## What is required:
Write out the records once more, exactly as given.

## Record excerpts:
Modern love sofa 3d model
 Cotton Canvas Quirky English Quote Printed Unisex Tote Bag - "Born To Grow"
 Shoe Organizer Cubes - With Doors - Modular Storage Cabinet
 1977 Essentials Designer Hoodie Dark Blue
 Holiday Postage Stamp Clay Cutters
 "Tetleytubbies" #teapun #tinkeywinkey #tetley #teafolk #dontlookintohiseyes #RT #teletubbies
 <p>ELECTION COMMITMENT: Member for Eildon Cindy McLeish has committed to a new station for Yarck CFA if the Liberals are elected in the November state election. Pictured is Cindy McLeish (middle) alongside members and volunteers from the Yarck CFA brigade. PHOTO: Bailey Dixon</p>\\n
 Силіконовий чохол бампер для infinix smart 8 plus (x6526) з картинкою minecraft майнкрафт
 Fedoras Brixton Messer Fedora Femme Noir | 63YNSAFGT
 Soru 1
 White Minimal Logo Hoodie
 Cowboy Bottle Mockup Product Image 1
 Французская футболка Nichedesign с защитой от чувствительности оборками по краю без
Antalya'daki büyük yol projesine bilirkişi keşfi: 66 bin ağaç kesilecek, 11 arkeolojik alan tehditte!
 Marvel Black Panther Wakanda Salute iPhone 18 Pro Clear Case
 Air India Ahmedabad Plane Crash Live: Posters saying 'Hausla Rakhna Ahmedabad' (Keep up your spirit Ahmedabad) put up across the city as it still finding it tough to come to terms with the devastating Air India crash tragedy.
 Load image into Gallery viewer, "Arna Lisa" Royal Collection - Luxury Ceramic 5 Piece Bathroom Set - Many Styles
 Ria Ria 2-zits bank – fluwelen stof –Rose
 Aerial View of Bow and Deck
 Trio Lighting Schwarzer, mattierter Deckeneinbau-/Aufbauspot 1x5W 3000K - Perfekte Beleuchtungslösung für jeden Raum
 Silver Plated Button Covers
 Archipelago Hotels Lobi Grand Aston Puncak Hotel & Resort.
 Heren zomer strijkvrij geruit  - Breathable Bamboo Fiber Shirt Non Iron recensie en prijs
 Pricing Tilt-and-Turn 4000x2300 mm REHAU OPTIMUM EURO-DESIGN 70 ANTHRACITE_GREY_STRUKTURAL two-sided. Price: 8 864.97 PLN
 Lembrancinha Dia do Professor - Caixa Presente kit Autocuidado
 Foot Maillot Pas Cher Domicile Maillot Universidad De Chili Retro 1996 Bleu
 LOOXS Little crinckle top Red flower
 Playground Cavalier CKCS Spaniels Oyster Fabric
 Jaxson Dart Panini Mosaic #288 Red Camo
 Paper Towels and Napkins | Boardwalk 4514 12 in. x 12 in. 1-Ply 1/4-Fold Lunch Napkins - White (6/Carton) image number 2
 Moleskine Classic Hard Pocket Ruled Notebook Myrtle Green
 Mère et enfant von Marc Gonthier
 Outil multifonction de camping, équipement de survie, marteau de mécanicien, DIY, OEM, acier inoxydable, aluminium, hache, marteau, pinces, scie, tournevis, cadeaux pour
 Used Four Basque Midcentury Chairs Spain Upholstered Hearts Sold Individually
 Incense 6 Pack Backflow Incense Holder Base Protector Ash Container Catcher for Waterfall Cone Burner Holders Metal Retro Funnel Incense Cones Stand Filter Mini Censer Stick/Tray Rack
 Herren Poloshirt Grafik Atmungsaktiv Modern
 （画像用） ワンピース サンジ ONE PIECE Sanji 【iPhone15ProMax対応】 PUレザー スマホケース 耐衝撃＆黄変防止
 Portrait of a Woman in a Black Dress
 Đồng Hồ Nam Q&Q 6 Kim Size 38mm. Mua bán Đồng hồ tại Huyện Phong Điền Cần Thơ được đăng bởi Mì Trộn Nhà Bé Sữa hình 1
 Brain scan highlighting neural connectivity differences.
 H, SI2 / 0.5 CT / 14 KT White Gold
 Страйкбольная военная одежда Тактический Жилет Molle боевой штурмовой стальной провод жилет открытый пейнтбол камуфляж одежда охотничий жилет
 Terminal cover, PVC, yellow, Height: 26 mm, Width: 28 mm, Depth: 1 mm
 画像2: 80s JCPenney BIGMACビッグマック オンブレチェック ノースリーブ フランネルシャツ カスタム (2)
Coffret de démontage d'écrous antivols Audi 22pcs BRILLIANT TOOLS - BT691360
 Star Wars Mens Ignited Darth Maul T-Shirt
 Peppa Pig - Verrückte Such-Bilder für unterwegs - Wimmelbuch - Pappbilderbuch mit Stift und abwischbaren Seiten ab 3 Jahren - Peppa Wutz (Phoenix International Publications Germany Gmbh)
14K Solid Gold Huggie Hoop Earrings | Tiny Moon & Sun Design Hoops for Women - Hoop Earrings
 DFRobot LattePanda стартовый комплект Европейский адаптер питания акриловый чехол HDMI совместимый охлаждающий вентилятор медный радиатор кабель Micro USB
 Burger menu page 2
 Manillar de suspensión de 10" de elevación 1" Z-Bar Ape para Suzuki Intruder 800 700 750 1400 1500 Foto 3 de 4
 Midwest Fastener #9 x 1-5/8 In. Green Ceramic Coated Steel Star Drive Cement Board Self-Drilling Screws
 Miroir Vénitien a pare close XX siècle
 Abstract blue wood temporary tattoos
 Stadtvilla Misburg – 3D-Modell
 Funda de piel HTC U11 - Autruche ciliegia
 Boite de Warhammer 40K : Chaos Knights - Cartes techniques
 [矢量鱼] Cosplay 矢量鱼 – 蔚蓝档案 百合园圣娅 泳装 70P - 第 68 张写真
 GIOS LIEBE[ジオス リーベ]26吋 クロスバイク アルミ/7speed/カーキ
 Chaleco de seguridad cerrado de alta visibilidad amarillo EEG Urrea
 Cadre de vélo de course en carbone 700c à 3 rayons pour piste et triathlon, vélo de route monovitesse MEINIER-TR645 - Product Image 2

## Task solution:
Modern love sofa 3d model
 Cotton Canvas Quirky English Quote Printed Unisex Tote Bag - "Born To Grow"
 Shoe Organizer Cubes - With Doors - Modular Storage Cabinet
 1977 Essentials Designer Hoodie Dark Blue
 Holiday Postage Stamp Clay Cutters
 "Tetleytubbies" #teapun #tinkeywinkey #tetley #teafolk #dontlookintohiseyes #RT #teletubbies
 <p>ELECTION COMMITMENT: Member for Eildon Cindy McLeish has committed to a new station for Yarck CFA if the Liberals are elected in the November state election. Pictured is Cindy McLeish (middle) alongside members and volunteers from the Yarck CFA brigade. PHOTO: Bailey Dixon</p>\\n
 Силіконовий чохол бампер для infinix smart 8 plus (x6526) з картинкою minecraft майнкрафт
 Fedoras Brixton Messer Fedora Femme Noir | 63YNSAFGT
 Soru 1
 White Minimal Logo Hoodie
 Cowboy Bottle Mockup Product Image 1
 Французская футболка Nichedesign с защитой от чувствительности оборками по краю без
Antalya'daki büyük yol projesine bilirkişi keşfi: 66 bin ağaç kesilecek, 11 arkeolojik alan tehditte!
 Marvel Black Panther Wakanda Salute iPhone 18 Pro Clear Case
 Air India Ahmedabad Plane Crash Live: Posters saying 'Hausla Rakhna Ahmedabad' (Keep up your spirit Ahmedabad) put up across the city as it still finding it tough to come to terms with the devastating Air India crash tragedy.
 Load image into Gallery viewer, "Arna Lisa" Royal Collection - Luxury Ceramic 5 Piece Bathroom Set - Many Styles
 Ria Ria 2-zits bank – fluwelen stof –Rose
 Aerial View of Bow and Deck
 Trio Lighting Schwarzer, mattierter Deckeneinbau-/Aufbauspot 1x5W 3000K - Perfekte Beleuchtungslösung für jeden Raum
 Silver Plated Button Covers
 Archipelago Hotels Lobi Grand Aston Puncak Hotel & Resort.
 Heren zomer strijkvrij geruit  - Breathable Bamboo Fiber Shirt Non Iron recensie en prijs
 Pricing Tilt-and-Turn 4000x2300 mm REHAU OPTIMUM EURO-DESIGN 70 ANTHRACITE_GREY_STRUKTURAL two-sided. Price: 8 864.97 PLN
 Lembrancinha Dia do Professor - Caixa Presente kit Autocuidado
 Foot Maillot Pas Cher Domicile Maillot Universidad De Chili Retro 1996 Bleu
 LOOXS Little crinckle top Red flower
 Playground Cavalier CKCS Spaniels Oyster Fabric
 Jaxson Dart Panini Mosaic #288 Red Camo
 Paper Towels and Napkins | Boardwalk 4514 12 in. x 12 in. 1-Ply 1/4-Fold Lunch Napkins - White (6/Carton) image number 2
 Moleskine Classic Hard Pocket Ruled Notebook Myrtle Green
 Mère et enfant von Marc Gonthier
 Outil multifonction de camping, équipement de survie, marteau de mécanicien, DIY, OEM, acier inoxydable, aluminium, hache, marteau, pinces, scie, tournevis, cadeaux pour
 Used Four Basque Midcentury Chairs Spain Upholstered Hearts Sold Individually
 Incense 6 Pack Backflow Incense Holder Base Protector Ash Container Catcher for Waterfall Cone Burner Holders Metal Retro Funnel Incense Cones Stand Filter Mini Censer Stick/Tray Rack
 Herren Poloshirt Grafik Atmungsaktiv Modern
 （画像用） ワンピース サンジ ONE PIECE Sanji 【iPhone15ProMax対応】 PUレザー スマホケース 耐衝撃＆黄変防止
 Portrait of a Woman in a Black Dress
 Đồng Hồ Nam Q&Q 6 Kim Size 38mm. Mua bán Đồng hồ tại Huyện Phong Điền Cần Thơ được đăng bởi Mì Trộn Nhà Bé Sữa hình 1
 Brain scan highlighting neural connectivity differences.
 H, SI2 / 0.5 CT / 14 KT White Gold
 Страйкбольная военная одежда Тактический Жилет Molle боевой штурмовой стальной провод жилет открытый пейнтбол камуфляж одежда охотничий жилет
 Terminal cover, PVC, yellow, Height: 26 mm, Width: 28 mm, Depth: 1 mm
 画像2: 80s JCPenney BIGMACビッグマック オンブレチェック ノースリーブ フランネルシャツ カスタム (2)
Coffret de démontage d'écrous antivols Audi 22pcs BRILLIANT TOOLS - BT691360
 Star Wars Mens Ignited Darth Maul T-Shirt
 Peppa Pig - Verrückte Such-Bilder für unterwegs - Wimmelbuch - Pappbilderbuch mit Stift und abwischbaren Seiten ab 3 Jahren - Peppa Wutz (Phoenix International Publications Germany Gmbh)
14K Solid Gold Huggie Hoop Earrings | Tiny Moon & Sun Design Hoops for Women - Hoop Earrings
 DFRobot LattePanda стартовый комплект Европейский адаптер питания акриловый чехол HDMI совместимый охлаждающий вентилятор медный радиатор кабель Micro USB
 Burger menu page 2
 Manillar de suspensión de 10" de elevación 1" Z-Bar Ape para Suzuki Intruder 800 700 750 1400 1500 Foto 3 de 4
 Midwest Fastener #9 x 1-5/8 In. Green Ceramic Coated Steel Star Drive Cement Board Self-Drilling Screws
 Miroir Vénitien a pare close XX siècle
 Abstract blue wood temporary tattoos
 Stadtvilla Misburg – 3D-Modell
 Funda de piel HTC U11 - Autruche ciliegia
 Boite de Warhammer 40K : Chaos Knights - Cartes techniques
 [矢量鱼] Cosplay 矢量鱼 – 蔚蓝档案 百合园圣娅 泳装 70P - 第 68 张写真
 GIOS LIEBE[ジオス リーベ]26吋 クロスバイク アルミ/7speed/カーキ
 Chaleco de seguridad cerrado de alta visibilidad amarillo EEG Urrea
 Cadre de vélo de course en carbone 700c à 3 rayons pour piste et triathlon, vélo de route monovitesse MEINIER-TR645 - Product Image 2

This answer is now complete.